──────── Records provided ────────

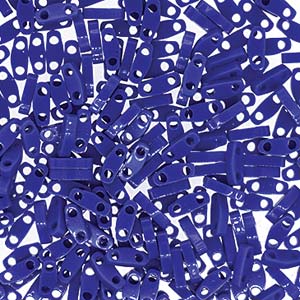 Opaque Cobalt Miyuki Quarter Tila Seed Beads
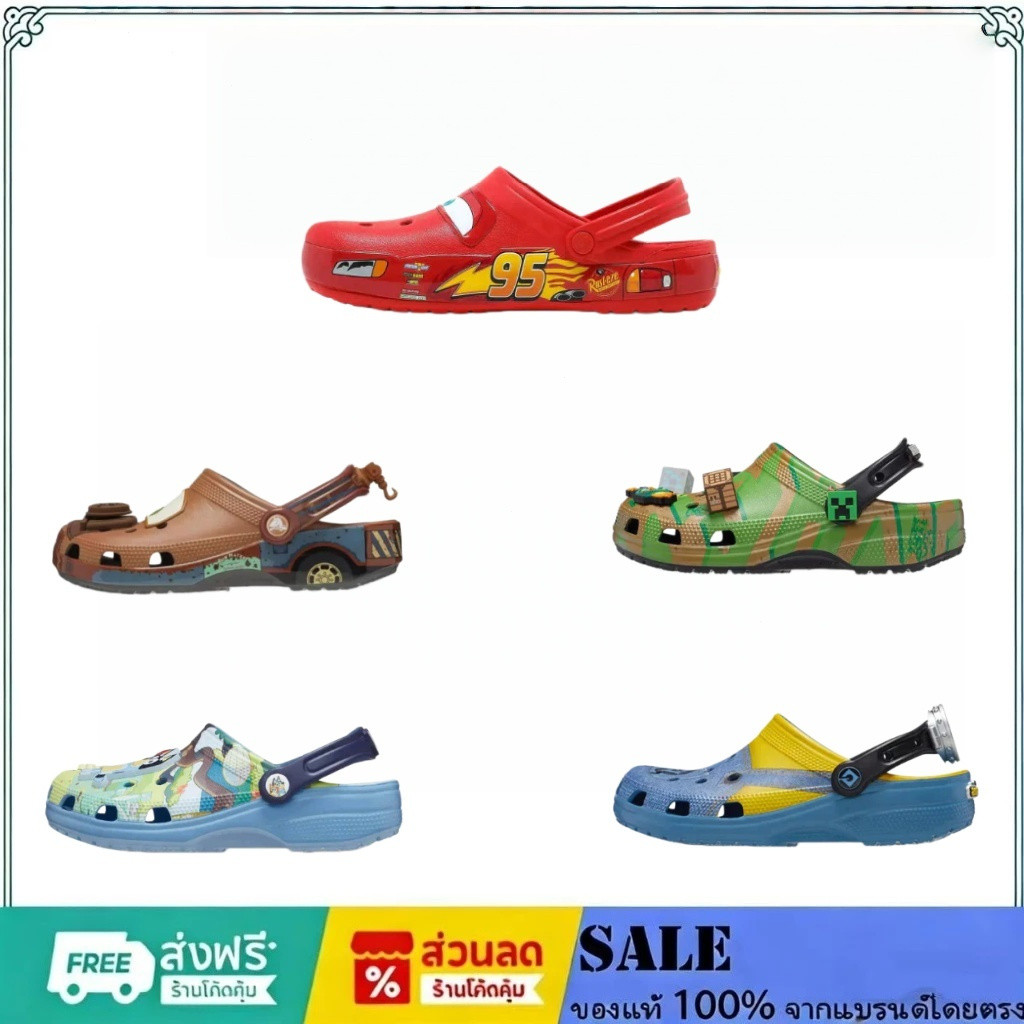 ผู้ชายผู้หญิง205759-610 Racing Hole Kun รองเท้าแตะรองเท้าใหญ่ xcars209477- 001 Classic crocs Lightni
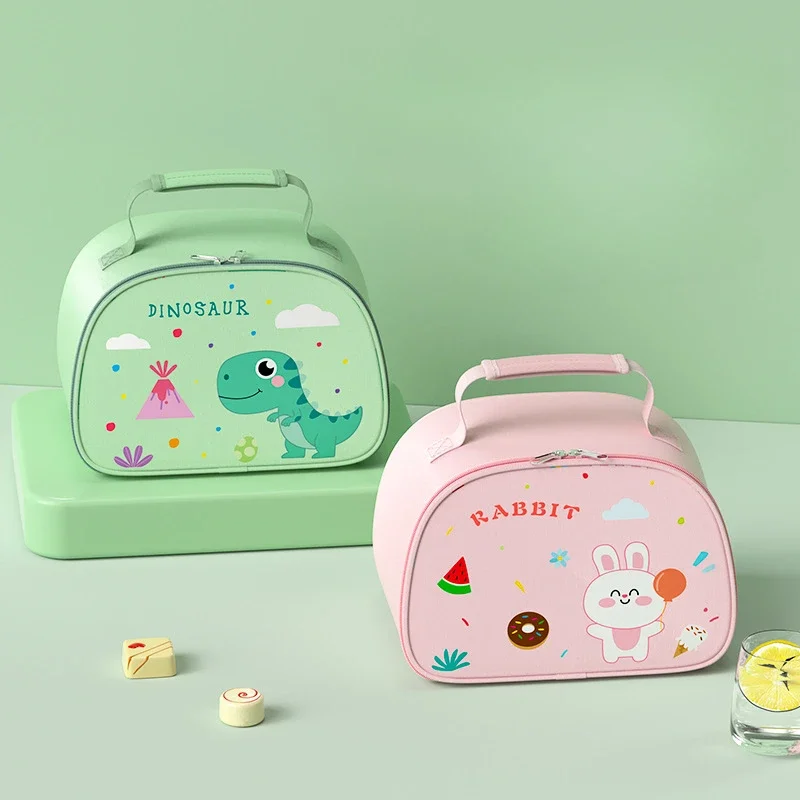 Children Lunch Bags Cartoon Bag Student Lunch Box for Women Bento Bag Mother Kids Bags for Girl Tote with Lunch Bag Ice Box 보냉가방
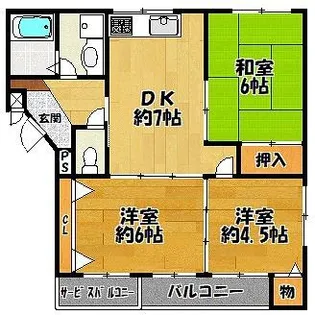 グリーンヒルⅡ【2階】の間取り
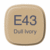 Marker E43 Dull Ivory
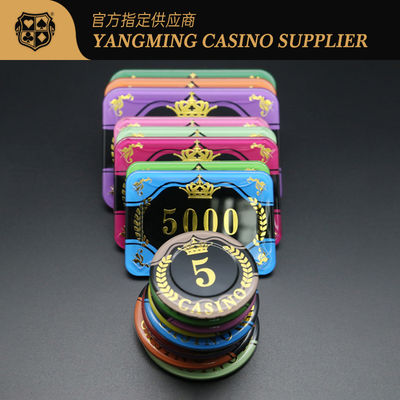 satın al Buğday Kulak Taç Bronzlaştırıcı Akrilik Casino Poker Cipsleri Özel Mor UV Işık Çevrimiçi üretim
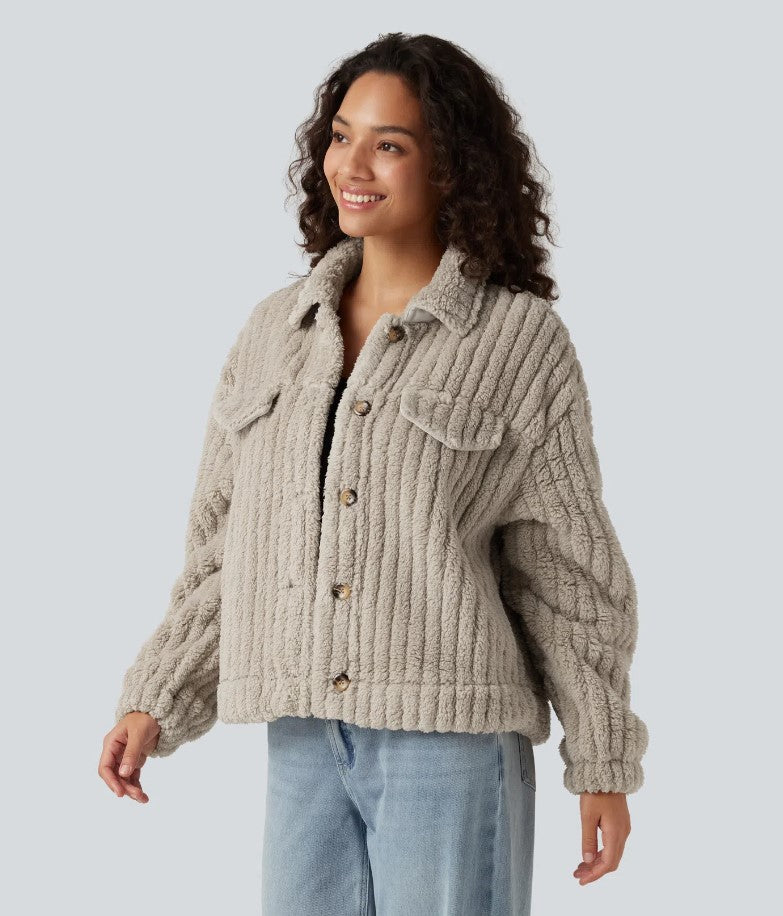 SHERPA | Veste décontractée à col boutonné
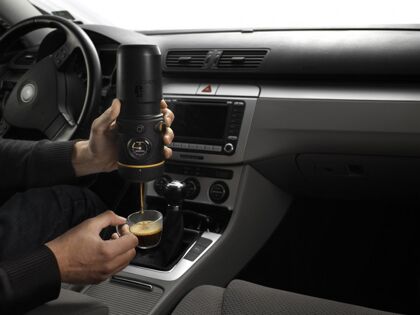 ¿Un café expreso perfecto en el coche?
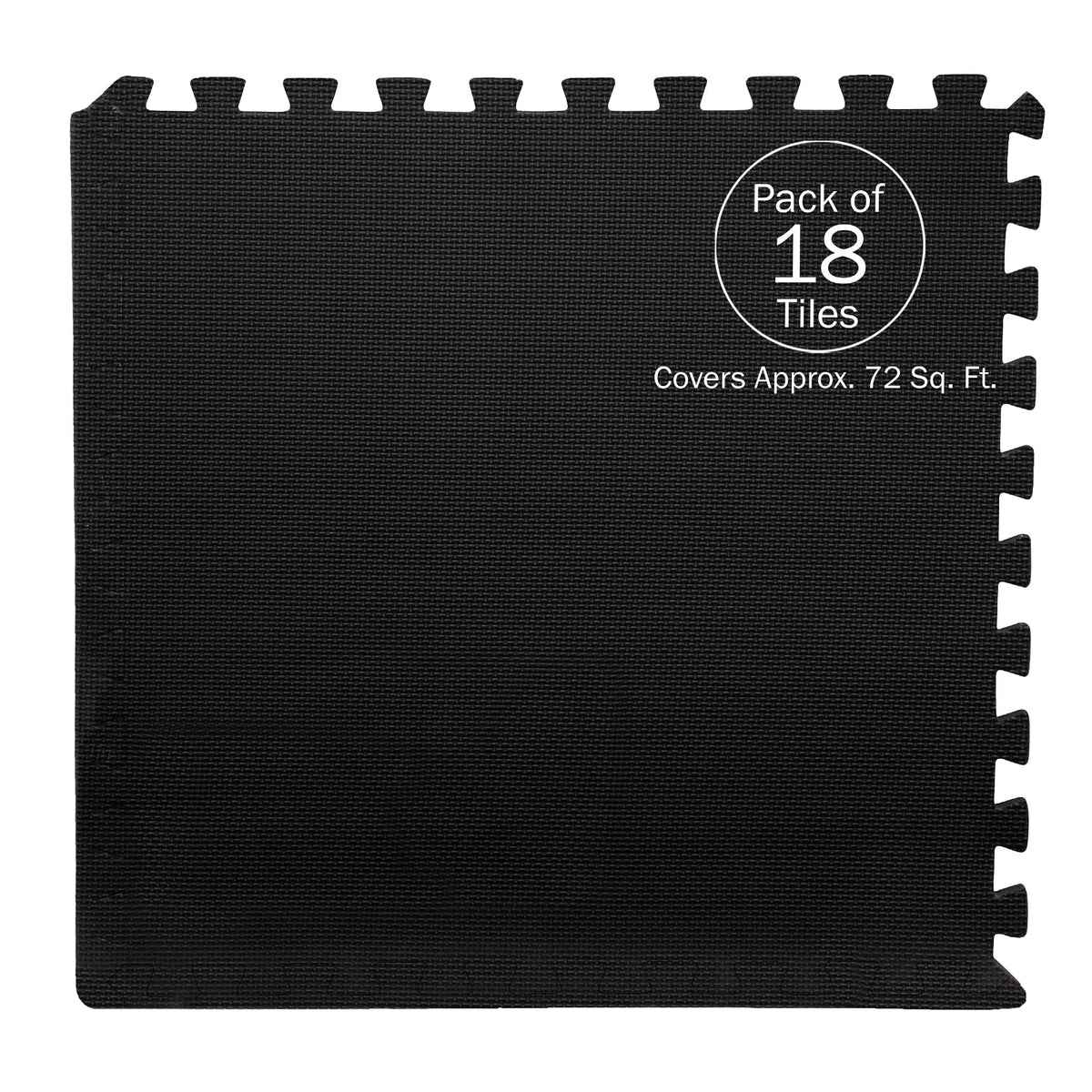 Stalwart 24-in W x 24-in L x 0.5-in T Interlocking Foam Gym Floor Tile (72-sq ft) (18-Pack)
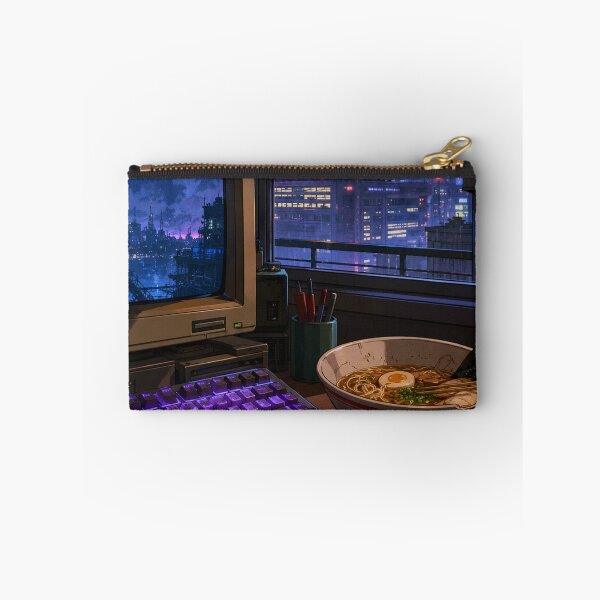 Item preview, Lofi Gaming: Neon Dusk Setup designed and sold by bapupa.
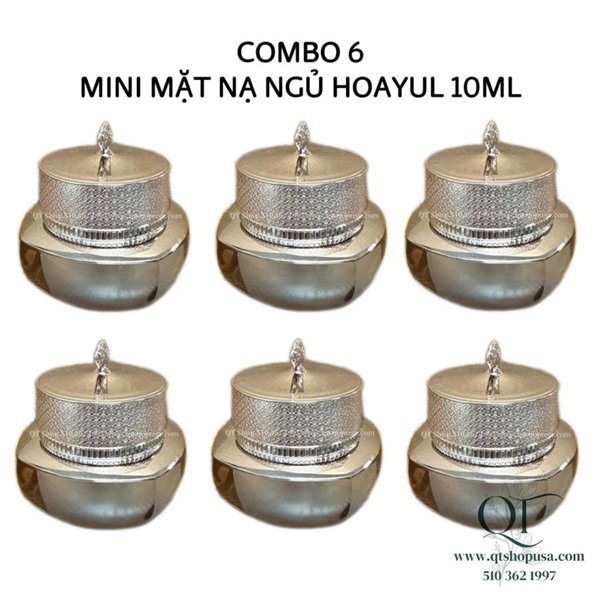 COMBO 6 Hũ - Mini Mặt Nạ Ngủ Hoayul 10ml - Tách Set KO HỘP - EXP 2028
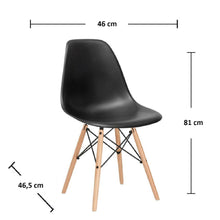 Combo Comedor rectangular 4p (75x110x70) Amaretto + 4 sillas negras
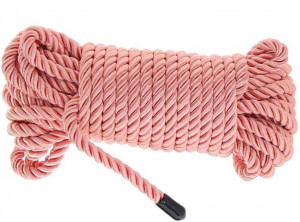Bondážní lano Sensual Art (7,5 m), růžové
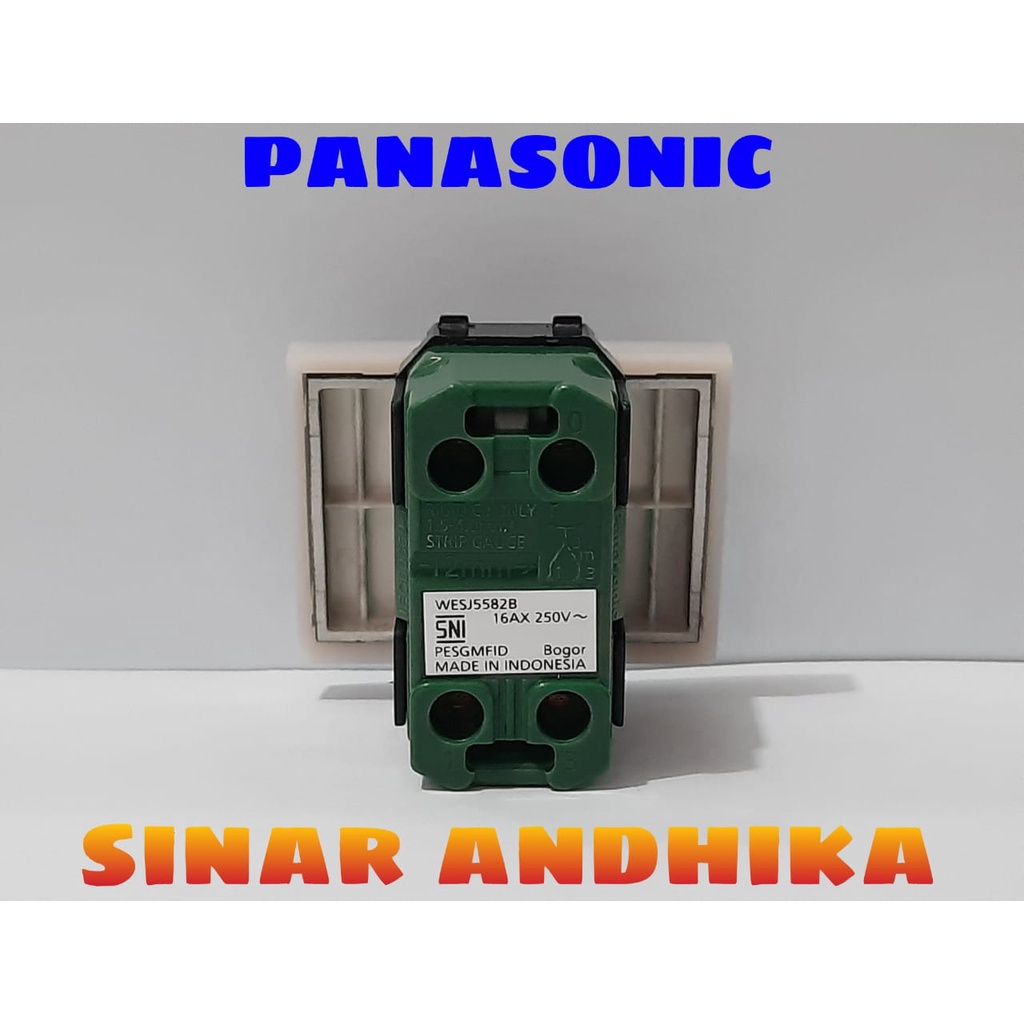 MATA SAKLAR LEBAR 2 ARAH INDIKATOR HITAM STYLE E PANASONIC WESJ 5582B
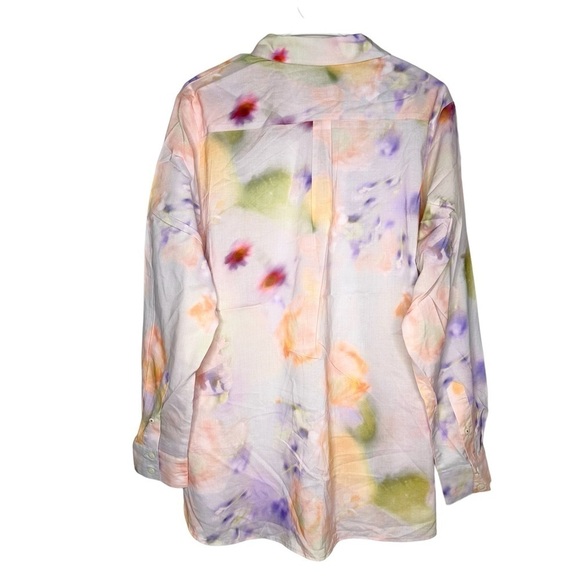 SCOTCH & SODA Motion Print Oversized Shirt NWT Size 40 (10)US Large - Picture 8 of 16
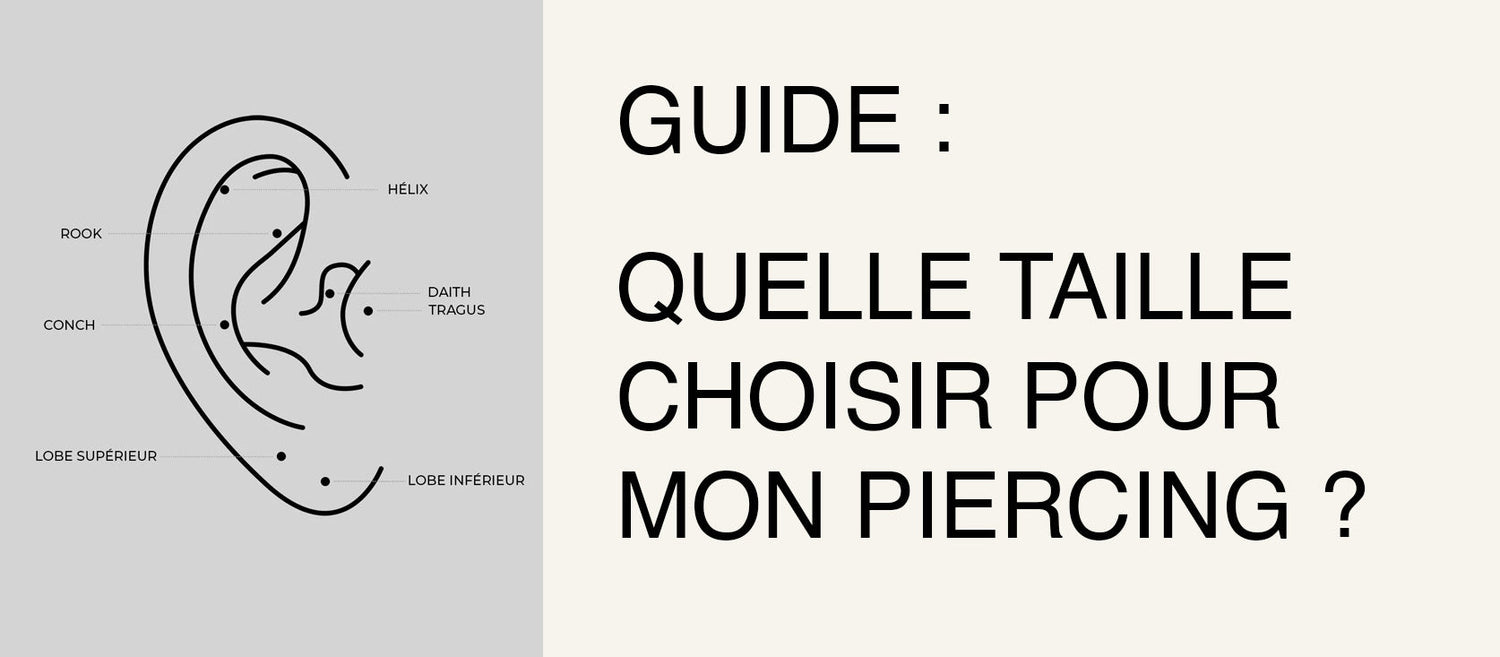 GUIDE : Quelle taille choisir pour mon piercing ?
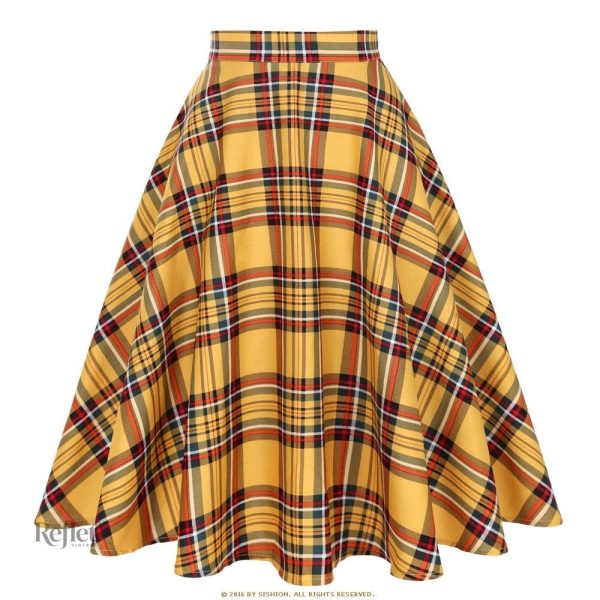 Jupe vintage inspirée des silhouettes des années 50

────────

The problem:
Output each line exactly as shown above; no pictures go in the copy.

Output below:
 Opaque Cobalt Miyuki Quarter Tila Seed Beads
 ผู้ชายผู้หญิง205759-610 Racing Hole Kun รองเท้าแตะรองเท้าใหญ่ xcars209477- 001 Classic crocs Lightni
 Children Lunch Bags Cartoon Bag Student Lunch Box for Women Bento Bag Mother Kids Bags for Girl Tote with Lunch Bag Ice Box 보냉가방
 グリーンヒルⅡ【2階】の間取り
 Marker E43 Dull Ivory
 satın al Buğday Kulak Taç Bronzlaştırıcı Akrilik Casino Poker Cipsleri Özel Mor UV Işık Çevrimiçi üretim
 SHERPA | Veste décontractée à col boutonné
 ¿Un café expreso perfecto en el coche?
 Stalwart 24-in W x 24-in L x 0.5-in T Interlocking Foam Gym Floor Tile (72-sq ft) (18-Pack)
 Item preview, Lofi Gaming: Neon Dusk Setup designed and sold by bapupa.
 COMBO 6 Hũ - Mini Mặt Nạ Ngủ Hoayul 10ml - Tách Set KO HỘP - EXP 2028
 Combo Comedor rectangular 4p (75x110x70) Amaretto + 4 sillas negras
Bondážní lano Sensual Art (7,5 m), růžové
 MATA SAKLAR LEBAR 2 ARAH INDIKATOR HITAM STYLE E PANASONIC WESJ 5582B
 SCOTCH & SODA Motion Print Oversized Shirt NWT Size 40 (10)US Large - Picture 8 of 16
 GUIDE : Quelle taille choisir pour mon piercing ?
 Jupe vintage inspirée des silhouettes des années 50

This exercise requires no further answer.